Vos decís que tenga problemas?


----------



## el-rey-julien (Jun 29, 2012)

si lo pones solo si se quema


----------



## Dioxis (Jun 29, 2012)

el-rey-julien dijo:


> si lo pones solo si se quema



4 resistencias de 4.7Ohm a 1w y ese potenciometro decia..


----------



## DJ DRACO (Jun 29, 2012)

Sumá las resistencias!!!!

Si le pones 4 de 4,7Ohms + 20Kohms del pote

te da una resistencia de más de 20K y la corriente que va a circular es bajísima, ínfima

y obviamente la potencia disipada será menor y el calor nulo.

Calculá con ley de OHM!

La corriente será: 5V / 20018,8 = 0,0002497 A!!!!!!!!!!!!!
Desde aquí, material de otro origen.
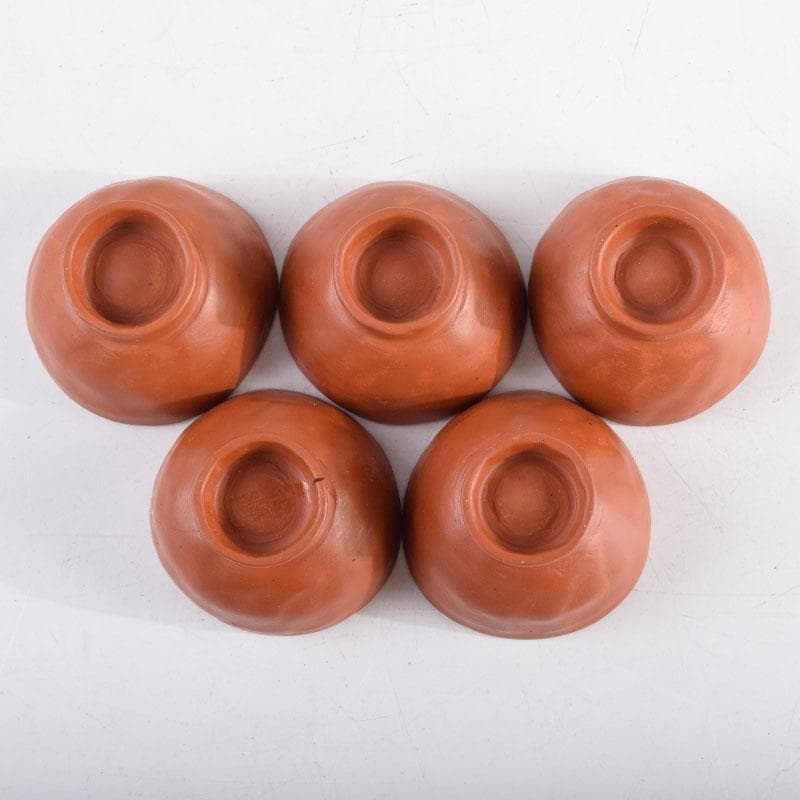 常滑焼　間野弥平作　朱泥　手捻り　小さな茶器揃　共布共箱　V　8964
Si en cambio dejás sólo las 4 resistencias de 4,7Ohms la corriente sería:

5V / 18,8Ohms = 0,266 A que es casi lo que tenés disponible: 0,300 A

O sea que joya!


----------



## Dioxis (Jun 29, 2012)

DJ DRACO dijo:


> Sumá las resistencias!!!!
> 
> Si le pones 4 de 4,7Ohms + 20Kohms del pote
> 
> ...



Si ..si.. che disculpa si me exprese mal.. pero lo que decís es o lo que voy a hacer,.., solo le pongo ese potenciometro.. porque tengo algunos .. entonces si calienta mucho puedo regular...


----------



## DJ DRACO (Jun 29, 2012)

Pero ese pote es de muy alta resistencia...la regulación va a ser malísima...

Buscate uno de máximo 100 Ohms.


----------



## Dioxis (Jun 29, 2012)

DJ DRACO dijo:


> Pero ese pote es de muy alta resistencia...la regulación va a ser malísima...
> 
> Buscate uno de máximo 100 Ohms.



Dale.. muchas gracias loco..!. 

Gracias a todos los que respondieron..!. 

Pd: si necesitan ayuda en software..(vb,c++,java y lenguajes web) los ayudo.!


----------



## powerful (Jun 29, 2012)

Dioxis ,el potenciometro tiene que ser de la magnitud de las resistencias y es alambrado(nicrom, alucrom o similar) . Los valores  estan por 10 Ohm/3W, 17 Ohm/5W o similares .


----------



## aquileslor (Jun 29, 2012)

Mirá tengo alambre de nickron de 0,3 mm de diámetro y tiene 14 ohm por metro. Necesitarías por lo menos 40 volts para calentarlo. Por que no usás una lámpara y la cubrís con una caperuza de lata para que no te dé la luz...Tenés lámparas desde 5 W...


----------